*** Opening Data for this exercise ***

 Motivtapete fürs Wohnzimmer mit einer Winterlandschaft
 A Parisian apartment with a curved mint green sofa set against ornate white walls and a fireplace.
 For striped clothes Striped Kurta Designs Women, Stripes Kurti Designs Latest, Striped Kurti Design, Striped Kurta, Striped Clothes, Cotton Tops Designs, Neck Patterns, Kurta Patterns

*** Closing Data for this exercise ***
*** Opening Data for this exercise ***

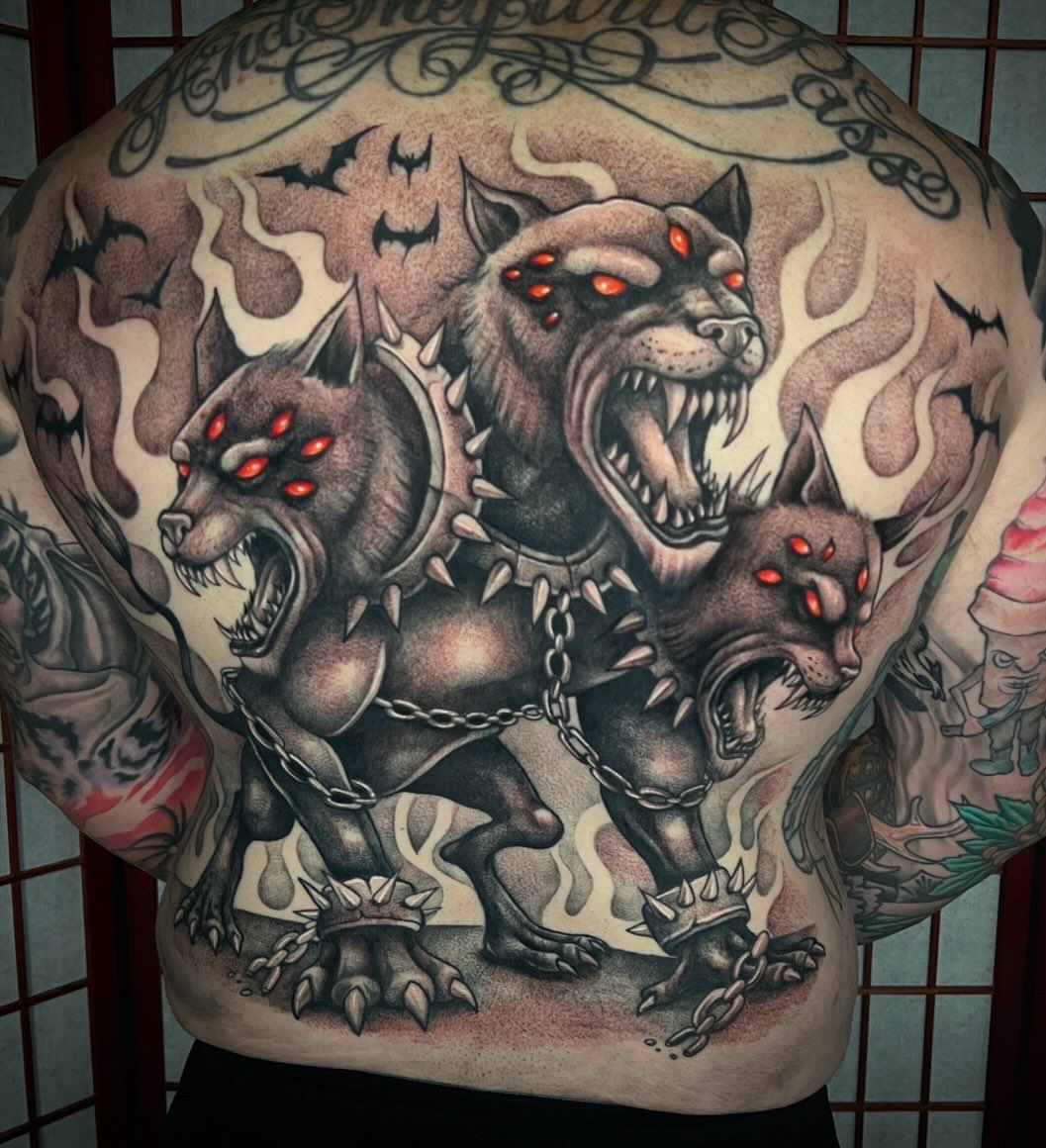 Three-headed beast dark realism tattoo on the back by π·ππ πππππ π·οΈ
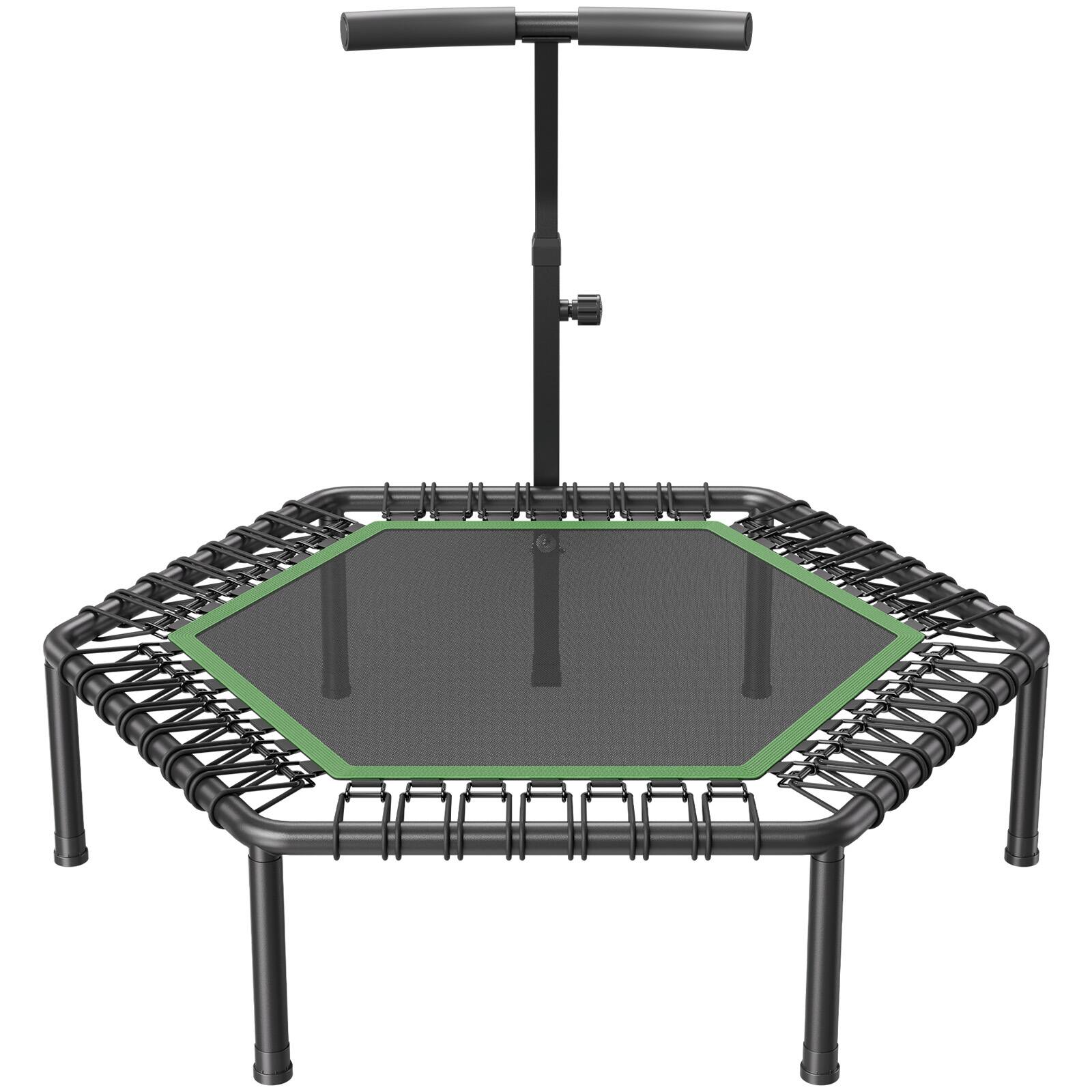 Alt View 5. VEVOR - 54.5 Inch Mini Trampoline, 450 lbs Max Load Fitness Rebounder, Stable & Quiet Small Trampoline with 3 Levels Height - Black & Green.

*** Closing Data for this exercise ***

Assigned task -> Return the stretch of data that begins with the line showing "Three-headed beast dark" and goes on through the line showing "Alt View 5.", exactly, with pictures removed.

Output for this exercise ->
 Three-headed beast dark realism tattoo on the back by π·ππ πππππ π·οΈ
 Alt View 5. VEVOR - 54.5 Inch Mini Trampoline, 450 lbs Max Load Fitness Rebounder, Stable & Quiet Small Trampoline with 3 Levels Height - Black & Green.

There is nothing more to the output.